The energy sector accounts for nearly 10 percent of Canada’s GDP, and with crude oil accounting for over 40 percent of that, major drops in the price of crude oil threaten Canada’s economy. However, it is even worse than that. With normal crude oil production, producers could continue to operate with lower prices as they would continue to make a profit, but with oil sands production this is not necessarily the case. Oil Sands in Western Canada, specifically Alberta and Saskatchewan, make up over half of Canadian crude oil production.
Extracting oil from sand is a more involved, complicated, costly and dirtier process than extracting normal crude oil reserves. Rather than the usual drilling process, Oil Sand production requires that the oil sands be first removed from the ground and then processed so that they can be used. While there are several methods of doing this, each one comes at a greater cost, and with lower potential returns than conventional oil production. This means that to remain profitable Canada’s Oil Sand production requires high oil prices. In Canada, this means that projects that are in currently in production will become less profitable, while projects that are in development, or planned, could become infeasible.
Nonetheless, because most Oil Sands production is already underway and will remain profitable, production is unlikely to stop. The areas where low oil prices are likely to do the most damage are those areas that are yet to be developed and where the expected costs of production are likely to be very high. One such area is Arctic oil production. Arctic oil production, even in more hospitable areas of the far north, is expected to require oil prices of USD 100 or above. With oil prices currently below USD 50 per barrel, any plans for Arctic drilling in the near future might be cancelled or delayed until prices rise. This is especially true with the low profitability of these resources currently. For example, Shell has already been facing difficulties with its operations in the Arctic waters near Alaska due to the high costs resulting from harsh Arctic weather.
While a decrease in Arctic oil production will come at some economic cost for Canada and the United States, it is actually Russia which is likely to suffer the most. This is because Russia has made large investments in developing Arctic oil production, and laying claim to Arctic oil resources. Russia sees developing Arctic oil production as a key national interest, as the energy sector makes up a large portion of Russia’s GDP. Oil and gas exports make up 50% of revenue for Russia’s federal budget, and 70% of its exports, so maintaining access to oil and gas is a vital national interest.
This dependence on energy revenue also means that Russia must maintain oil production levels as existing oil fields become depleted. For this reason Russia has been developing the Arctic, as its West Siberian oil fields, the source of most of its oil production, are becoming depleted. Russia’s strategy to compensate for this has been to start the development of Arctic oil reserves, and lay claim to areas likely to hold oil and gas deposits. However, if oil prices remain low for an extended period of time, this strategy will become infeasible economically, leaving Russia in a precarious situation.

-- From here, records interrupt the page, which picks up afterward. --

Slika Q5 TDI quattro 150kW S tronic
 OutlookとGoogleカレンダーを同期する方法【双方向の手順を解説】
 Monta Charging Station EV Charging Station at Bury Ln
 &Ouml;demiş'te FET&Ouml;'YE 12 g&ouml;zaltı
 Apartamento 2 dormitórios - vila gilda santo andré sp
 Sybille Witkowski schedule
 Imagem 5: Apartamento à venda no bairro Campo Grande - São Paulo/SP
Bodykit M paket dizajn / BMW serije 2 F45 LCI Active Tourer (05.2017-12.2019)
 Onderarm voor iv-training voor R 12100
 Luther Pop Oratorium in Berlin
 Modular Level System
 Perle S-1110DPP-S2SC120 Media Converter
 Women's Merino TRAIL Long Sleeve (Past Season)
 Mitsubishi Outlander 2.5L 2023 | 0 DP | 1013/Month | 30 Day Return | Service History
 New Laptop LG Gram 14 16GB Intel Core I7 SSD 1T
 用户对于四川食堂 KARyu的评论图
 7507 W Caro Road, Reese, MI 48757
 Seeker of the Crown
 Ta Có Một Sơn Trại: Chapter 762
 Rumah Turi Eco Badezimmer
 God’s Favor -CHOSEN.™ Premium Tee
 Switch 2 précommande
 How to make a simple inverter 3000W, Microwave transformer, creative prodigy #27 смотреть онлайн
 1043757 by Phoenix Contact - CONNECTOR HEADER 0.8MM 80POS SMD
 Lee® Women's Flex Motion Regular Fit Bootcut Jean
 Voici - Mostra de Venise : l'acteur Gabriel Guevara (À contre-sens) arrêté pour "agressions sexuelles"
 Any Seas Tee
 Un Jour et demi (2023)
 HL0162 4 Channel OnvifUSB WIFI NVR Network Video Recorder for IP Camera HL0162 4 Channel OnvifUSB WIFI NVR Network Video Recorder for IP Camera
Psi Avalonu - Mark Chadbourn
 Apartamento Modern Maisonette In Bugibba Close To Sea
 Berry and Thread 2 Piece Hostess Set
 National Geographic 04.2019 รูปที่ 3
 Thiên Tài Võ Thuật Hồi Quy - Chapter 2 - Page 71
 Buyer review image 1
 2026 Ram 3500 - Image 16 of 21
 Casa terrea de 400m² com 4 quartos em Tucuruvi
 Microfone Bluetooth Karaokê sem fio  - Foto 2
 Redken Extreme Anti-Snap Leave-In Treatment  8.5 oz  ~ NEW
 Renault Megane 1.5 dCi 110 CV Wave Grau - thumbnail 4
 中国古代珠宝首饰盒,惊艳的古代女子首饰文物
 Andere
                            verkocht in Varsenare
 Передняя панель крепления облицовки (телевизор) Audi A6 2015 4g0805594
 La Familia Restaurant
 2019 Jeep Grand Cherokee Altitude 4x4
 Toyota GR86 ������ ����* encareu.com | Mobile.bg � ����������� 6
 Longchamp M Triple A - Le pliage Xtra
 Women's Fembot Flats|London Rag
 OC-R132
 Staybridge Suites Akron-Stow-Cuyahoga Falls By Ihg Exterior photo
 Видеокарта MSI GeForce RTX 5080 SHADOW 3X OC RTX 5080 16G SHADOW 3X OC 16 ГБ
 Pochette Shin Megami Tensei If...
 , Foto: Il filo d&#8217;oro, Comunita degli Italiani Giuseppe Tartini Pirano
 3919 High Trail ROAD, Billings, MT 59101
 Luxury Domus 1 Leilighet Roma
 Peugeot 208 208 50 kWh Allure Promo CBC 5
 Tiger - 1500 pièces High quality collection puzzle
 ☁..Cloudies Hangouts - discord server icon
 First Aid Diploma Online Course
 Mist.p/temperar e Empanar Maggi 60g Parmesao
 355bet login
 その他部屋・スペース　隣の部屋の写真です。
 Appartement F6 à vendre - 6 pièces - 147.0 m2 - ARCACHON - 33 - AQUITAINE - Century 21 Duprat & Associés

Unfortunately for Russia, and anyone relying on plans to develop expensive Arctic oil resources, oil prices are likely to remain low into the near future, because there is an oversupply of oil in the market. Many producers will have to leave the market or decrease their production. However, the only single entity that can independently reduce its oil production enough to cause a significant increase in the price of oil is the Organization of the Petroleum Exporting Countries (OPEC), and currently OPEC appears to have no plans to do this. With Saudi Arabia, OPEC’s largest oil producer, able to maintain oil production at current prices for years to come, oil prices will most likely remain low until marginal producers are forced to leave the market, reducing the supply in the market.
This means that Canada and Russia are in difficult waters. Canadian Oil Sands production will become less profitable for the near future, and firms to develop Canadian Arctic oil will likely postpone their plans. Nonetheless, Russia, with its economy’s high dependence on oil and natural gas, and its reliance on Arctic oil to replace declining Siberian oil production, is most vulnerable to low oil prices, and will suffer the political and economic costs of declining oil revenues.